In the 70’s and 80’s, folks on the side of fiscal and personal responsibility tried to make the argument against a massive Welfare State by discussing the idea of incentives. It was argued that if you pay people not to work, they won’t work. And if you, say, pay people to have children outside of marriage and to raise those children in single-parent households… they will.
It was a universal argument about incentives and human nature that, most of us believed, applied to human beings everywhere. But the Left, as the Left always does, turned it into an argument about race and class in order to shut the argument down. If you believed that people responded to incentives, especially cash incentives, then you were saying something awful about poor people broadly, and people of color specifically.

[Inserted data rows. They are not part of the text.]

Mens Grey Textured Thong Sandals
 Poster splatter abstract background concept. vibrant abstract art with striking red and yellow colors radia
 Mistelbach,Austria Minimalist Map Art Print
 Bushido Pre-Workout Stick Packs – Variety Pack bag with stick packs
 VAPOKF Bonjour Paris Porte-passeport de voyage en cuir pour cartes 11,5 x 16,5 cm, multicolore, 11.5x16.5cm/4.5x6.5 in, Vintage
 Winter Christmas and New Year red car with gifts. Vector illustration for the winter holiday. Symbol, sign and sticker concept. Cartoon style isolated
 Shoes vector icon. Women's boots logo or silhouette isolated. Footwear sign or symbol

And so the subject became taboo. Yes, Ronald Reagan helped them twist the argument by leaning into the “Welfare Queen” label, but the use of a derogatory label does not negate the entire underlying argument, it only makes it impossible to talk about it in a constructive way.

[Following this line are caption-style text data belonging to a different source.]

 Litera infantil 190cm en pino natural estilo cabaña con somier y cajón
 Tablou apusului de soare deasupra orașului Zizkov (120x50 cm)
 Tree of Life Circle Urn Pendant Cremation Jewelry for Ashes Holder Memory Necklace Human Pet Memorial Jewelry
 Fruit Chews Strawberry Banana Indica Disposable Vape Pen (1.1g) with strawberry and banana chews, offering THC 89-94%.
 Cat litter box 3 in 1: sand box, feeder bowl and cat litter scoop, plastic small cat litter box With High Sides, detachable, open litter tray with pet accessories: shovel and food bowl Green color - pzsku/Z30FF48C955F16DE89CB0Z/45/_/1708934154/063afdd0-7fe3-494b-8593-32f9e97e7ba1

But now, here we are in 2021. We are coming out of a year-long pandemic lockdown. Businesses of all kinds are re-opening and are in desperate need of workers. Consumers are venturing back out into the world flush with cash. The Economy should be roaring off into the stratosphere.
And yet it’s not…
Job creation numbers are anemic at best, and even though the Nation is flush with available jobs, unemployment just defied expectations by going… up?

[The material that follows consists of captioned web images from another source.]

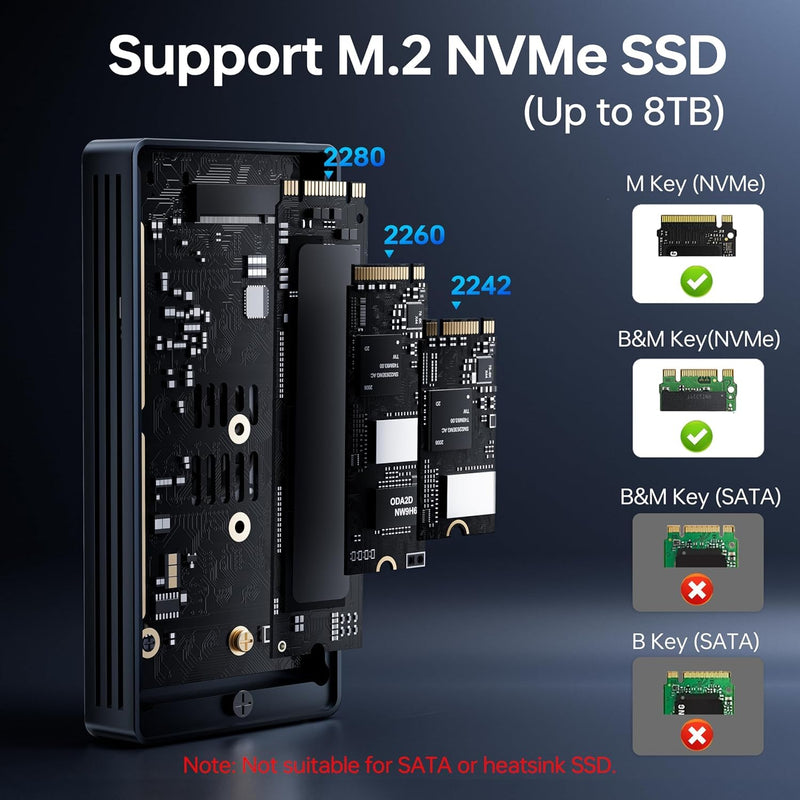 MOKiN 40Gbps M.2 NVMe SSD Enclosure, Thunderbolt for M1 Pro/Max Mac | Aluminum case with cooling fan M.2 External Adapter for Thunderbolt 3/4 USB4 supports M/B+M Key size 2280/2260/2242 Slate gray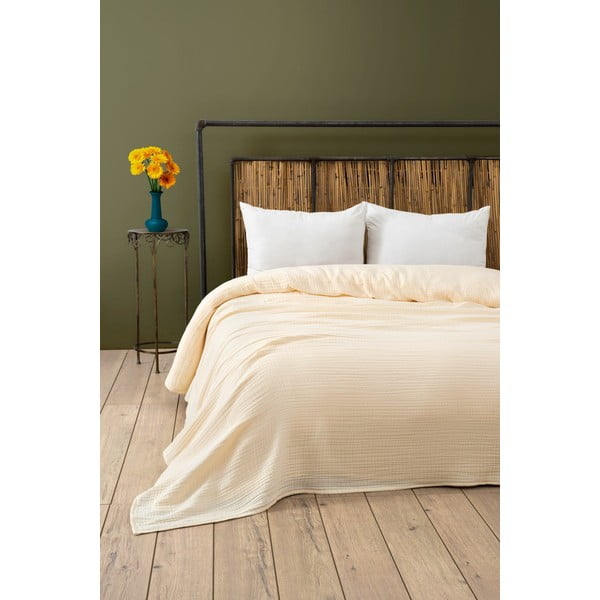 Krémszínű muszlin ágytakaró 170x250 cm Muslin – Mijolnir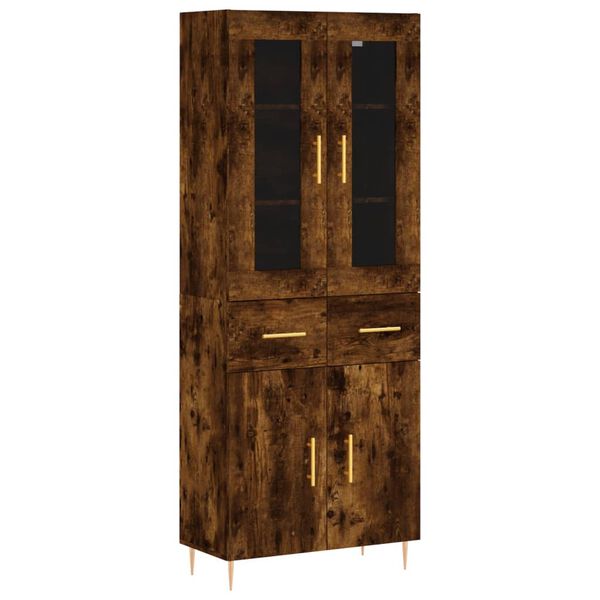vidaXL Highboard røkt eik 69,5x34x180 cm konstruert tre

The most common explanation seems to be that the Federal Governmet is still paying people to stay home and not work, and that a lot of people like the idea of being paid to stay home and not work. Turns out that liking the idea of getting paid not to work has nothing to do with your race, class, or level of income. Rather, it is simple human nature. People respond to incentives and you get more of that which you pay for… in this case, sloth.
I would like to think that we could get back to having a substantive discussion of how we can find ways to break people out of the cycle of Government dependency… especially now that we’ve proved the concept that people tend to get addicted to Government money is not a racist or classist point-of-view, but rather something that should be obvious and uncontroversial. Under the right circumstances, we are all capable of becoming Welfare Queens or Kings. All of us… white or black, rich or poor, male or female, Austin, Detroit, San Fran, Richmond, Miami, Portland or Nashville… all of us. Because we are all human and responding to incentives is undeniable and irrepressible Human Nature. There shouldn’t be any taboo against pointing out that fact and incorporating it into our public policy.
But then I would also like a McLaren…. and the folks at the McLaren dealership also respond to incentives… specifically, they require that I incentivize them with a couple hundred thousand dollars before they will give me one.